(ACTIVITY)
The whole listing should come back exactly as written, except for the pictures.

(AVAILABLE DATA)
- Opening Delimiter -

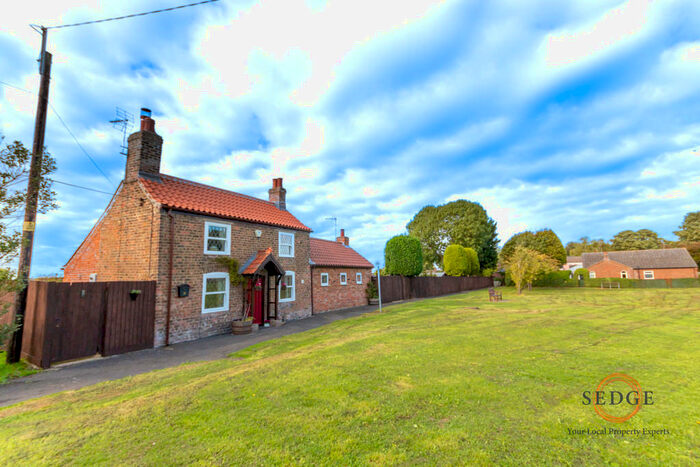 3 Bedroom Cottage For Sale In Goldfinch Cottage, Broadgate, PE12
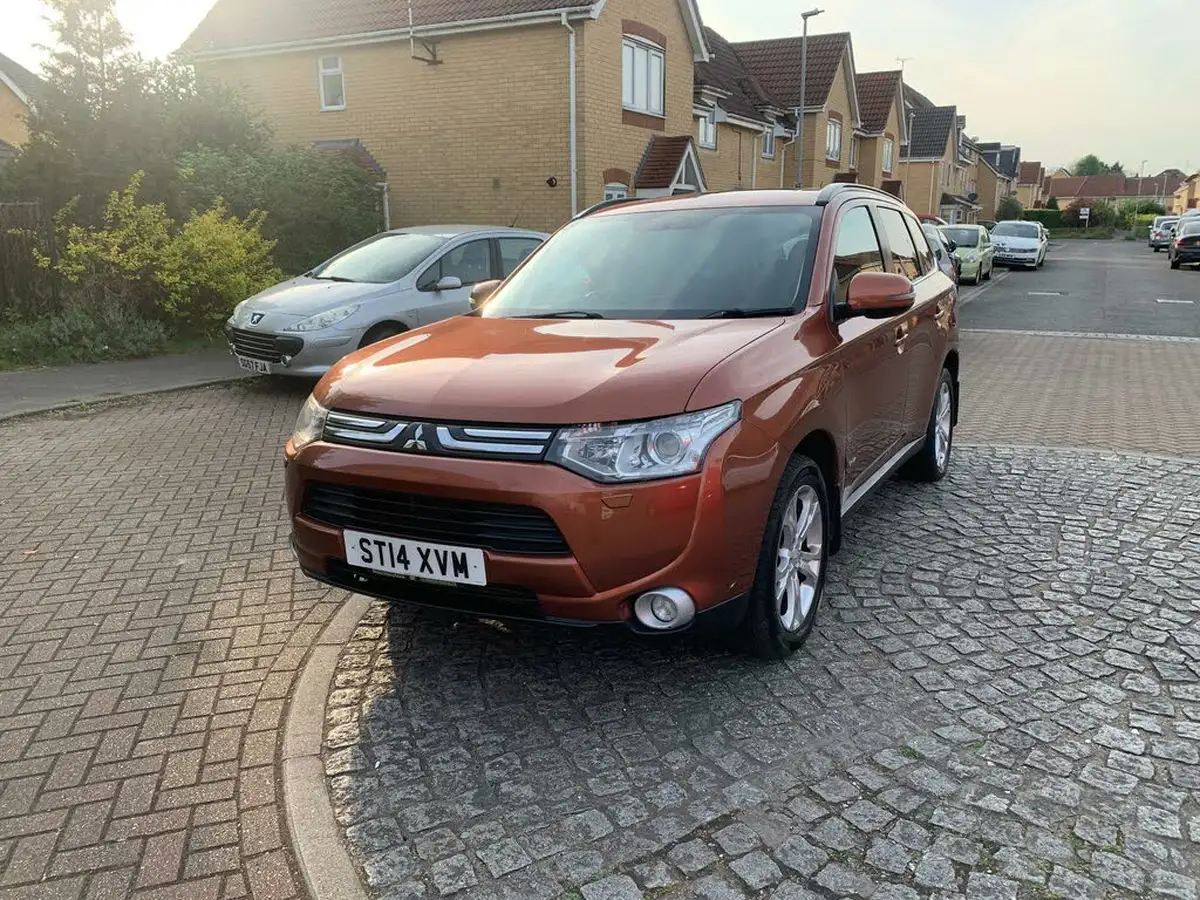 2014-mitsubishi-outlander-22di-d-gx4-big-16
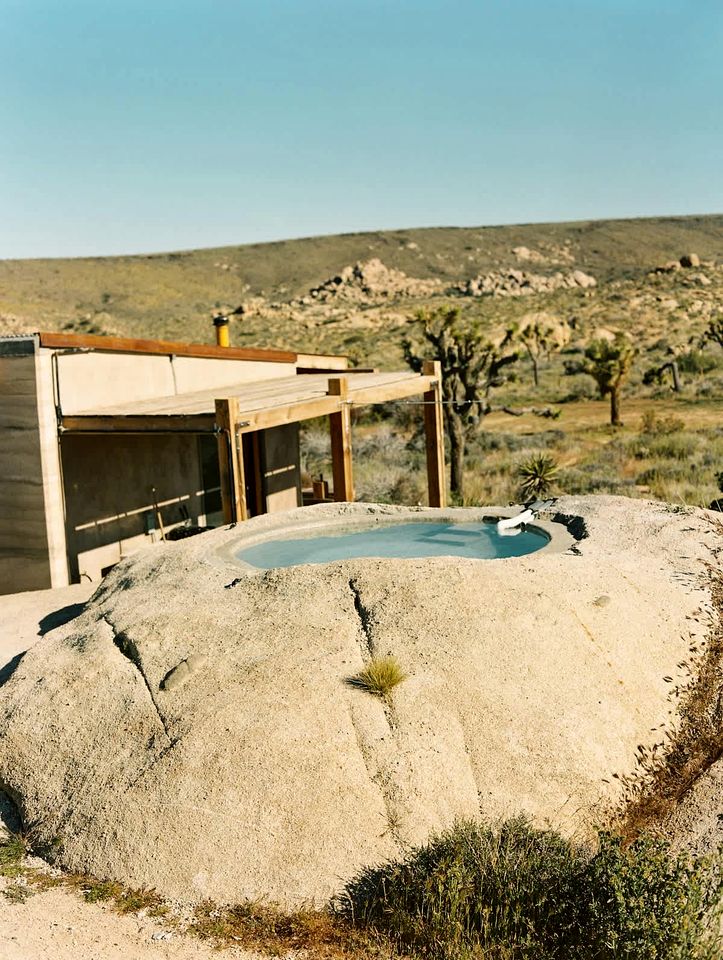 Gorgeous Vacation Rental with Hot-tub and Nice Desert Sigths in Pioneertown, California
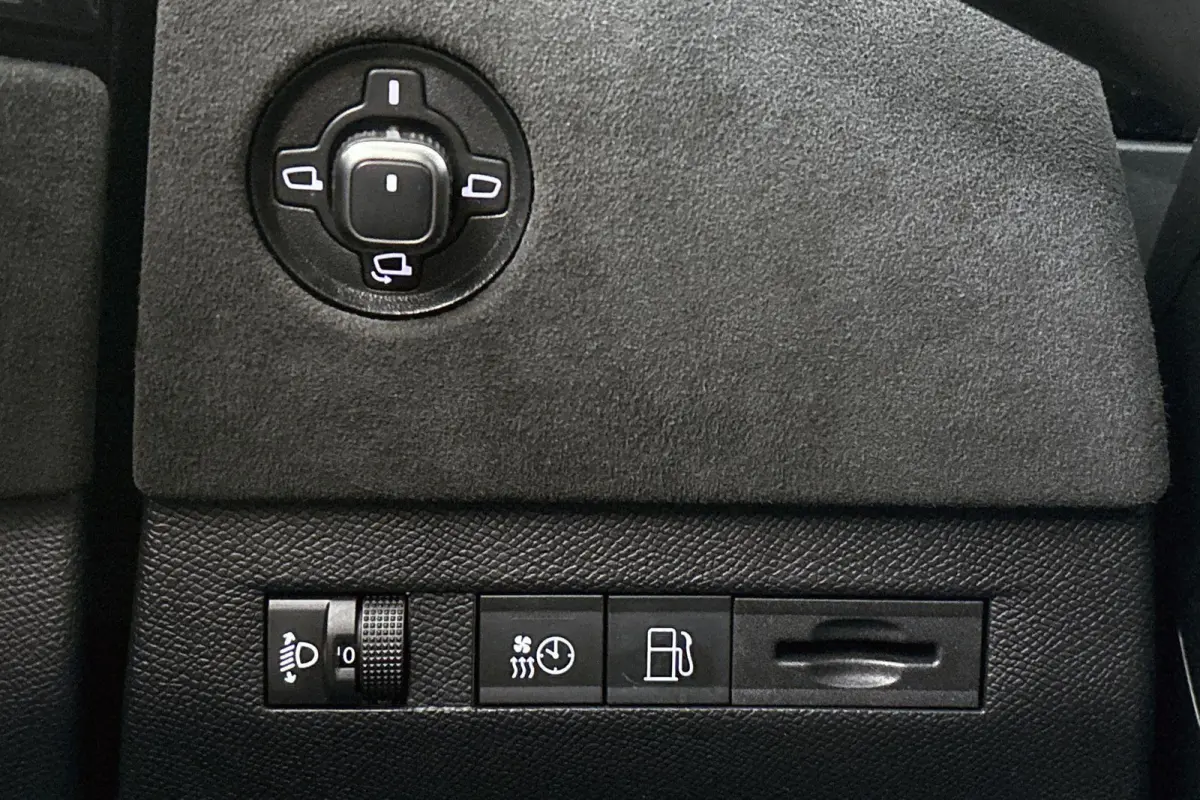 E-Tense Performance Line SOH 98% Apple CarPlay Achteruitrijcamera PHEV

- Closing Delimiter -

(SOLUTION FOR THIS EXERCISE)
 3 Bedroom Cottage For Sale In Goldfinch Cottage, Broadgate, PE12
 2014-mitsubishi-outlander-22di-d-gx4-big-16
 Gorgeous Vacation Rental with Hot-tub and Nice Desert Sigths in Pioneertown, California
 E-Tense Performance Line SOH 98% Apple CarPlay Achteruitrijcamera PHEV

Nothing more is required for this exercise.